What are some of the questions to ask and talk about with yourself, your spouse, and other family members? In putting together any puzzle, you first need to turn right side up all the pieces and find the ones with the straight edges. In other words, who are you? What is your lifestyle, your income, your values, your relationship with money, financial needs of your family and or extended family? The answers to these questions are the parameters of your financial plan or the edges and defining shape of your puzzle. Each family is different: the financial needs are different, risk tolerances are different, spending habits are different. The dynamics of life are unique for each family. Financial plans should not all look the same but represent the unique desires of your family. Financial planners should listen to these desires and help you to explore the nuances of the various choices.

The next step in putting together a puzzle is to find the pieces that have common colors or lines that begin to link together to form a part of the picture. The common pieces of a financial plan generally include identifying your income sources, your expenses, college funding, your future needs for your retirement years, insurance, savings, and any tax effect of these decisions or combination of these decisions.

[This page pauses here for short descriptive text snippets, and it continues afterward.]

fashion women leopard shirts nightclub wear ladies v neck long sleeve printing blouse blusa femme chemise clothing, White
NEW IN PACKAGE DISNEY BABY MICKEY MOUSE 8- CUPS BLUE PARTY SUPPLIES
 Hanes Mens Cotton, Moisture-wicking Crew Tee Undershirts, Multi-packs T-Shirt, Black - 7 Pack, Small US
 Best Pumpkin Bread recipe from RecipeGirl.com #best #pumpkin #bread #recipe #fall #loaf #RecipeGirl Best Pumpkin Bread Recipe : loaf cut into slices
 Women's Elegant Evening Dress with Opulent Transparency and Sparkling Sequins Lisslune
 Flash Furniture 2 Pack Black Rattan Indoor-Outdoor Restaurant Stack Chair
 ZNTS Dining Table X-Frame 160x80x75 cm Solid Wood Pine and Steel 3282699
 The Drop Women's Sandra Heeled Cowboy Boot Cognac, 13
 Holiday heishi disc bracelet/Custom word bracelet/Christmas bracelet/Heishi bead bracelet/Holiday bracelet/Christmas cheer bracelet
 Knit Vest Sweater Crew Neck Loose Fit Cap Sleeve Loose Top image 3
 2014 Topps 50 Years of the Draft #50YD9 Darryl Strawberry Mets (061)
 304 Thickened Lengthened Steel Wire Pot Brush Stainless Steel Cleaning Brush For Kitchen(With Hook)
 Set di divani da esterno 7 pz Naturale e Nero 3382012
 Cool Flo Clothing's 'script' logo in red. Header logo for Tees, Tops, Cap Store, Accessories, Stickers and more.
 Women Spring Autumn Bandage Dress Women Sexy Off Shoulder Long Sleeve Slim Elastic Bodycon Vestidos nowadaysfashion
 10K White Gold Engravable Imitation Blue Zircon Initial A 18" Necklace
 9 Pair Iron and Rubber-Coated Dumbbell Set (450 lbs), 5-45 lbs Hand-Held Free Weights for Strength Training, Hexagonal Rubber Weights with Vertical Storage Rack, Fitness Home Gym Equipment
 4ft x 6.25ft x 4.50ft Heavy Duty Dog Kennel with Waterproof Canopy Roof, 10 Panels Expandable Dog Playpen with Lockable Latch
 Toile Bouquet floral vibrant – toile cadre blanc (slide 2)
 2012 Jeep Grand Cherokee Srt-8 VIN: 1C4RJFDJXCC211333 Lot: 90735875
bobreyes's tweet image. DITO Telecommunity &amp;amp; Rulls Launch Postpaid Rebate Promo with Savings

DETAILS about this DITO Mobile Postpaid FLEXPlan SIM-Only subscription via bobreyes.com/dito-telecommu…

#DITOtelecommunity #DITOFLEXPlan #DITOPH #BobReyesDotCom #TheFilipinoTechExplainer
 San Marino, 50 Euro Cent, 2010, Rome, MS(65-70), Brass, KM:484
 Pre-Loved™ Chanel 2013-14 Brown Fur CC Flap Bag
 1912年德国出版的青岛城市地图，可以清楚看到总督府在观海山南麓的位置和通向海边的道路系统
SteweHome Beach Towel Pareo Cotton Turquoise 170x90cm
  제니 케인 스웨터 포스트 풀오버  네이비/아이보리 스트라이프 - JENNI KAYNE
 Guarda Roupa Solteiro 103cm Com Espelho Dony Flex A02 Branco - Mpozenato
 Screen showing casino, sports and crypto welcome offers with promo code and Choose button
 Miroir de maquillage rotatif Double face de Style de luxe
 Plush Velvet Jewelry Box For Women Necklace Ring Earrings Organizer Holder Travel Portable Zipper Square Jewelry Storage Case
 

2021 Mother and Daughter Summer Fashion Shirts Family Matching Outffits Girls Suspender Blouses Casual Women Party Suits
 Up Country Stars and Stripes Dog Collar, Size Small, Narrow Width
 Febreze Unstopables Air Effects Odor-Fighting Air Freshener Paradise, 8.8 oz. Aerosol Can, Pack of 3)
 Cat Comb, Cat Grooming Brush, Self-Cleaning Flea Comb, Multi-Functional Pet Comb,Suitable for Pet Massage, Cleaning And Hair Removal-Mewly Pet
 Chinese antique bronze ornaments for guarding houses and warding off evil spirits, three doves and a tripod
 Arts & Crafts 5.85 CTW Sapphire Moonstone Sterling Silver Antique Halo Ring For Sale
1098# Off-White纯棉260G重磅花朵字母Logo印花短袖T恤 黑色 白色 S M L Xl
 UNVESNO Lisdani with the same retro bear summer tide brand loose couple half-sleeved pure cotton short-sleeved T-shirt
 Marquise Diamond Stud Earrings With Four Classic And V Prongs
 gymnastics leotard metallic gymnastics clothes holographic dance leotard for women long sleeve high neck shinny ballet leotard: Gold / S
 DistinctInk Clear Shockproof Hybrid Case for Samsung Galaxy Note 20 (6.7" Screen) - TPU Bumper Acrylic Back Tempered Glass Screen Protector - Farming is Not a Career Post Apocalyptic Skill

As the picture of the puzzle begins to take some shape, what are some other things for you to consider as the sections start to be pieced together? Consider the following: What is the nature of your income? Is it earned income, wages or self-employment income, where payroll tax (social security and medicare tax) and income tax are paid on your earnings? Is it passive income, investment or rental income, where only income tax is paid on it? What are your expenses? What is tax deductible in whole or in part? How much debt do you have? Should you rearrange some of your savings (i.e. 401(k) retirement plans, home equity, other investments) to reduce higher interest bearing debt or interest that is not tax deductible - be it consumer credit, vehicle loans, or otherwise? Do you have the right amount of insurance - life, health, disability, liability, and property insurance? Are the amounts of the deductibles on these insurance policies at the right levels?

In summary, your financial plan is just that - Yours! Once you and your family consider all the pieces of the financial puzzle, then the strategies for designing the puzzle to fit your desires will become apparent. And, remember, your puzzle may change its shape or picture as circumstances and the dynamics of life happen. So, what shape and design is your puzzle?